To demonstrate full integration, the AMF JTRS team performed ground checks, and ran operationally relevant functional check flight points to prove the system worked, he said.

For example, test points during the 120-minute flight event in Mesa, Ariz., included collecting data on network and application initialization on the tarmac, operational threads–video and imagery streams, chat and situational awareness–at 500 feet and 5 kilometers; network load evaluation at the same distances, a high speed RF evaluation run from 10 kilometers inbound; close-in video stream capture at 500 feet and 1 kilometer.

“The formal flight testing for AMF JTRS small airborne in the Apache isn’t scheduled until 2013,” Norris said.

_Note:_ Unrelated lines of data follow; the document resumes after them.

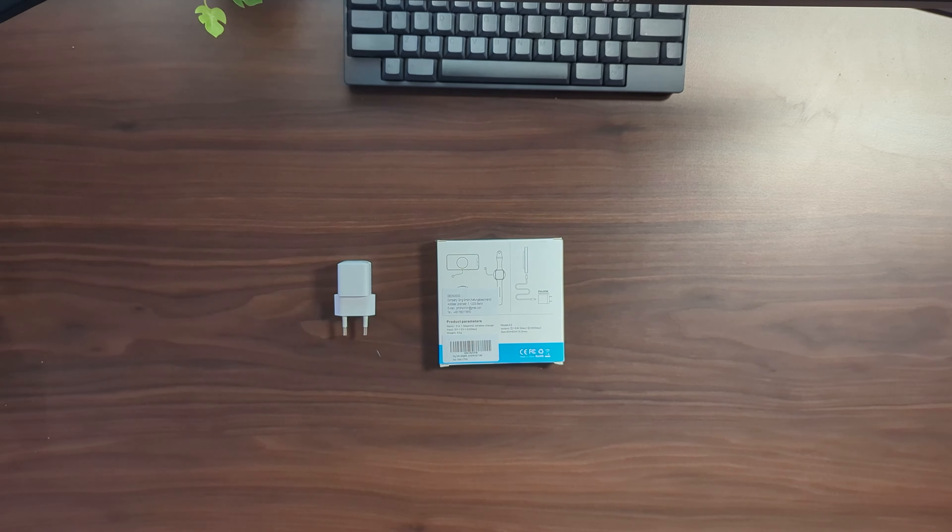If you don't have one already, I'll put a link in the description below for some power chargers you can pick up — for example this small one. What's recommended is a power delivery charger. This is a 20 watt power delivery USB-C charger. I'd definitely recommend picking one of those up if you want to use the full power of this charger.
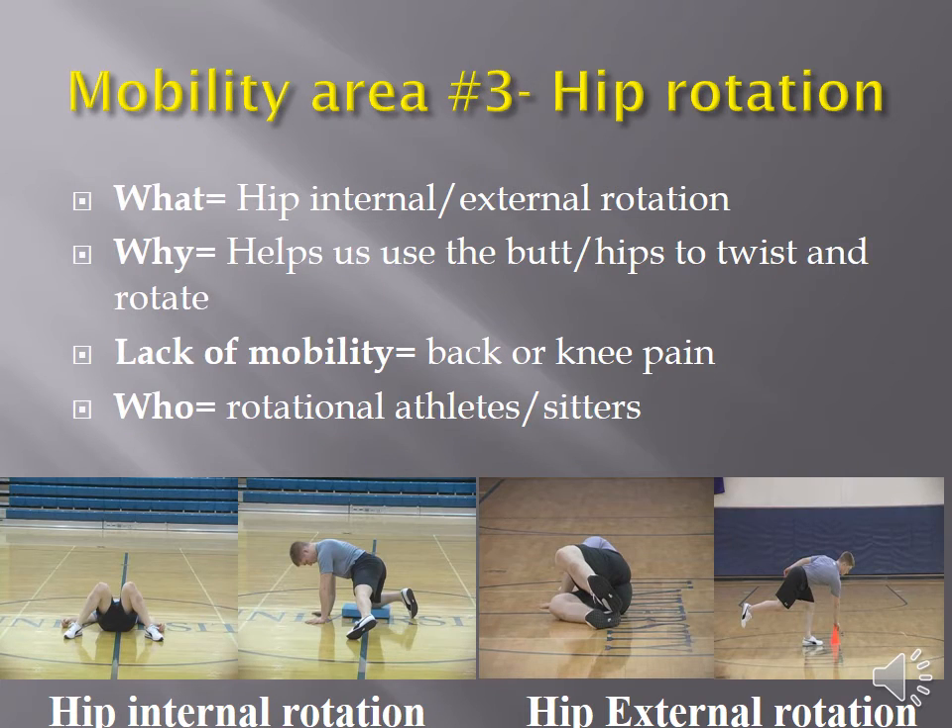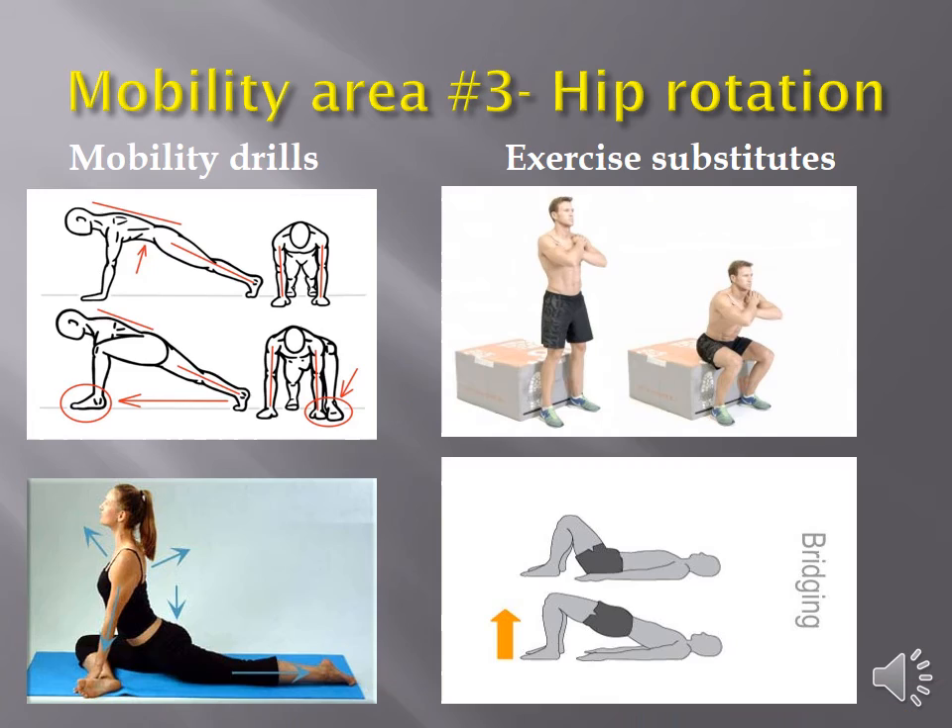The hip also rotates, so we need drills to teach that. For anyone with rotationally-based back pain or side-to-side movement that hurts, two drills I like are pigeon pose — crossing one leg in front, one back, and shifting side to side so one hip externally rotates and the other internally rotates — and the Spider-Man, where from a push-up position you bring one leg way out to the side and try to get the elbow to the ground, mobilizing hip rotation in both directions. For exercise substitutions with valgus knees, cue the person to push their knees out when squatting to a box, or if they still have pain, sub in a glute bridge — an entry-level exercise suitable for nearly anyone.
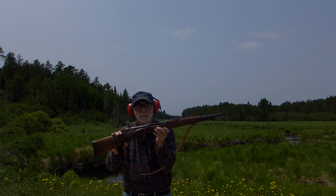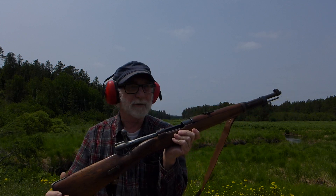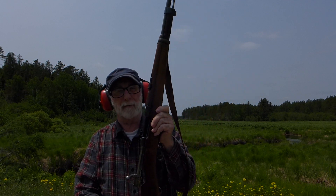That short little rifle really, really kicks. That really kicks. I wouldn't want to shoot that a whole lot more. Anyway, that was just a demonstration on my old rifle.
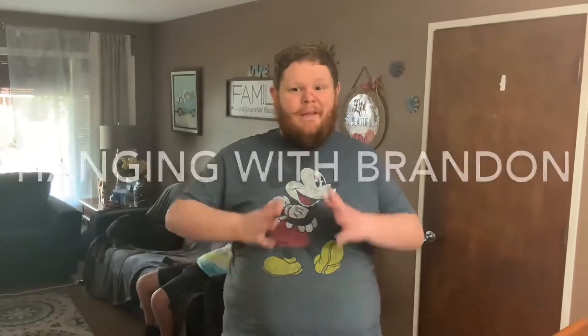Hey YouTube, it's me again Brandon and you're watching another episode called Hanging with Brandon. Today's show I'm experimenting something new and something I have a good feeling I'm gonna like. I'm gonna make buffalo chicken nacho cheese french fries. Now let's get started.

Now, in 2011, two years ahead of formal testing, the team is learning about what it takes to install the system into the mission computer and sensors and to verify robust data collection.

The recent demonstration was a risk mitigation test point, he said, to ensure low risk formal events in 2013. That also meant running operationally relevant scenarios, so the team knows, for example, what data needs to be collected.

Now, two years in advance of formal events, the system integrated into Apache was a pre-Engineering Manufacturing Development (pre-EDM), or pre-delivery system.

Another step that still must be taken is to add the crypto piece, since the demonstration took place in an unclassified environment. The team will probably re-run the test with crypto in a classified environment before 2013, Norris said.

The team must also achieve a production-ready installation kit, he said. The recent integration,which took only two and a half months, meant the aircraft did not have an A kit- -the hardware and power amp that goes around the radio. Also, the radio was not a production ready unit.

“This information that we gather is useful in helping us understand the maturity of the radio,” Norris said. “It also helps us understand better how we’re going to formally integrate this system in a production environment into Apache Block III.”

The Lockheed Martin AMF JTRS team has a funded time and material contract to work with the Apache community to better understand how to integrate AMF JTRS into AH-64D and understand the Block III timing for all of the key integration events. This provides real time support and helps answer questions as they begin integration planning, Norris said.

“We delivered out of cycle ahead of schedule a pre-EDM unit to the customer and they’ve since turned it over to Boeing Apache to put into their lab to run bench tests,” he said.

“The beauty of this is, is they’ve got a radio now and it’s in their lab and we have a contract with the government to support Boeing as they begin this integration test work in the lab,” Norris said. “All of those lessons learned then are going to feed back into the government and I think will result in some actions to Lockheed Martin through this time and materiel contract to support Boeing as they get their Block III integration.”

The Lockheed Martin AMF JTRS team includes BAE Systems, General Dynamics [GD], Northrop Grumman [NOC] and Raytheon [RTN].